Are there many resources in Bahasa Indonesian?
There are some resources:
- Massive Lab Forum massivelab.com (design in general)
- Teknologia @googlegroups (information technology in general)
- WebPM @yahoogroups (practicing web designers/developers)
- WordPress Indonesia @googlegroups
- Drupal Indonesia @drupal.org
Who are the influential bloggers?
Influential bloggers that I know:
A huge thank you from WaSP and for taking the time to be interviewed, and for carrying the web standards torch in Indonesia!
- #1 On February 23rd, 2009 9:47 am dani replied:
Wow, I really appreciate it.
Boy Avianto is a well known web standard evangelist in Indonesia. Thomas Arie is a senior web designer here.

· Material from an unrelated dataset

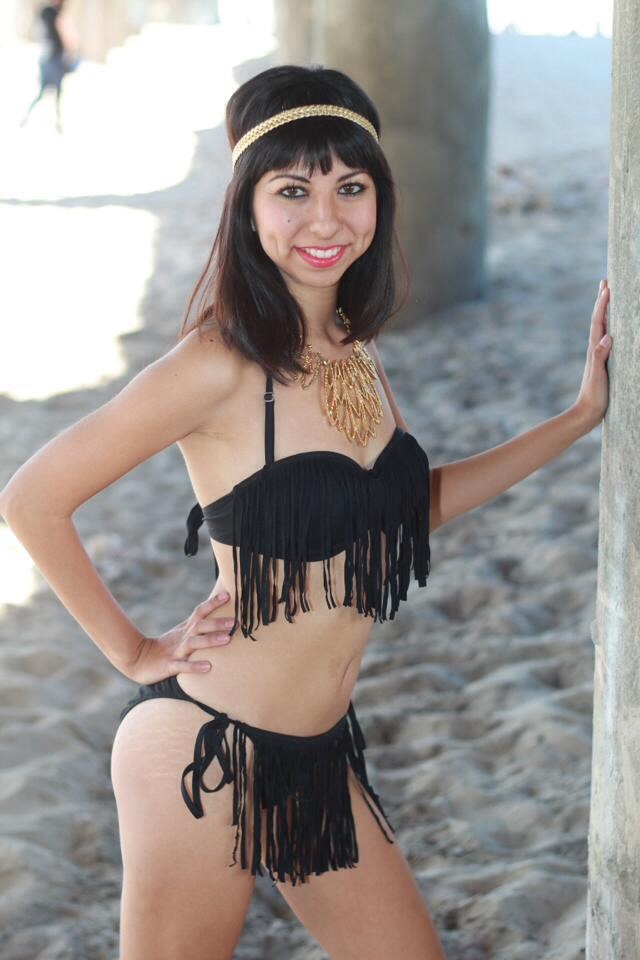 Female model photo shoot of Roxy Rene in Manhattan Beach
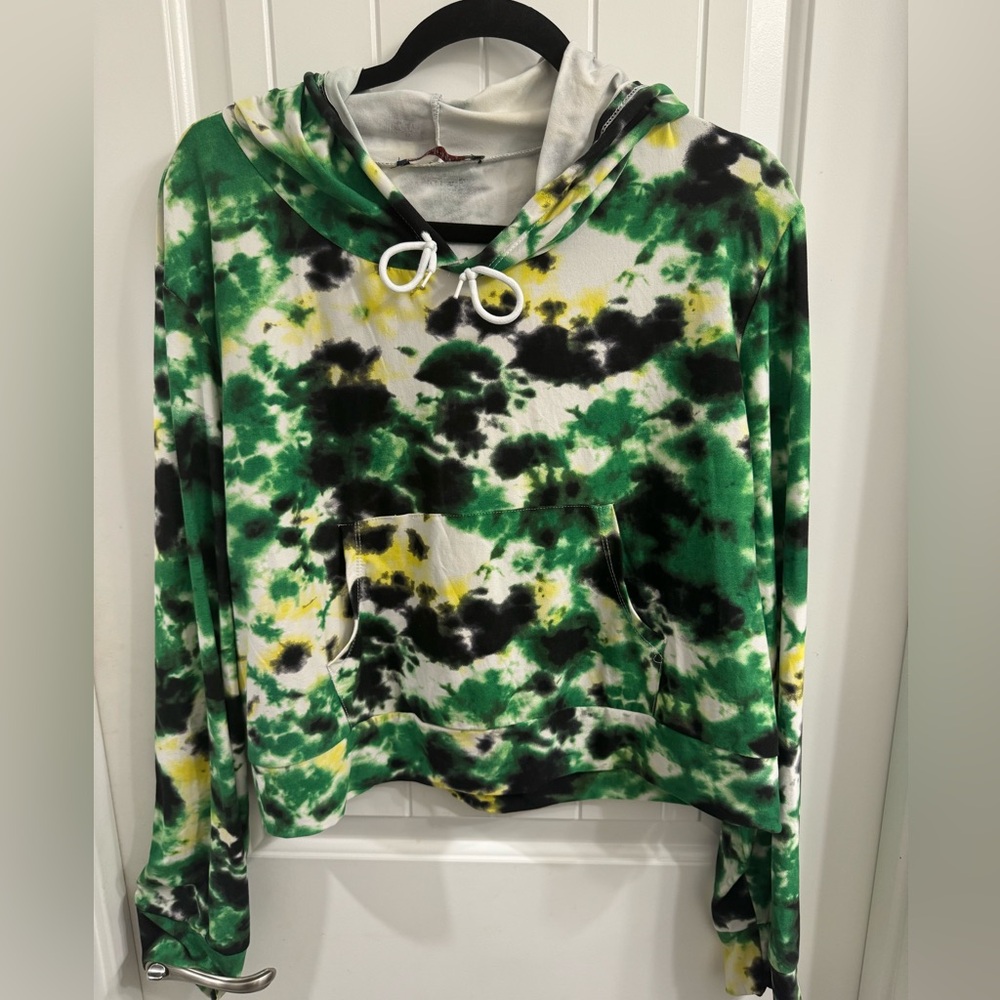 AQ Sport Plus Size 3X Green Tie Dye Hoodie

All of them are our web gurus.
As a supporter of W3C, I’m only a newbie in this field.
Thanks, guys. :)
- #2 On March 11th, 2009 11:32 am godote replied:
a great honor for mentioning our forum here.
- #3 On April 11th, 2009 5:05 am arikaka replied:
i just another blogger from indonesia that want to try support the web standard..
Hope i can make my standard blog ..
- #4 On May 6th, 2009 10:04 pm Alan replied:
Its good practice when you start designing your own sites, that you get them W3C validated. when I first started i thought my pages were fine until I was told to check them with the W3C tool, I didnt realise that pages would preform differently in different browsers.
Glad I found out about it. Keep up the good work.